Sets are unordered unique collections

### Creating Python Sets

Sets can be created by using built-in *sets()* method


In [None]:
unique_attacks = set(("armbar","armbar", "armbar", "kimura", "kimura"))
print(type(unique_attacks))
unique_attacks

<class 'set'>


{'armbar', 'kimura'}

### Using Sets

One of the most powerful ways to use sets is to find the differences between to collections

In [None]:
attacks_set_one = set(("armbar", "kimura", "heal-hook"))
attacks_set_two = set(("toe-hold", "knee-bar", "heal-hook"))
unique_set_one_attacks = attacks_set_one - attacks_set_two
print(f"Unique Set One Attacks {unique_set_one_attacks}")

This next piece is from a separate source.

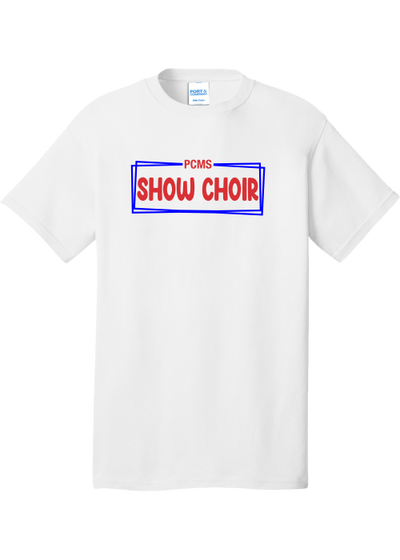 Plainfield Middle School Show Choir Box Cotton T-shirt - YSD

Unique Set One Attacks {'armbar', 'kimura'}


Question:  

Q: set() is used to select unique values. what is its performance for a deep learning large data sets. in large data sets, if set() is not performant enough, what are the alternatives?

## Part 1.2 Functions 

* [Read related material covered in Chapter 1 (Functions Section) of Pragmatic AI](https://www.safaribooksonline.com/library/view/pragmatic-ai-an/9780134863924/ch01.xhtml#ch01lev1sub17)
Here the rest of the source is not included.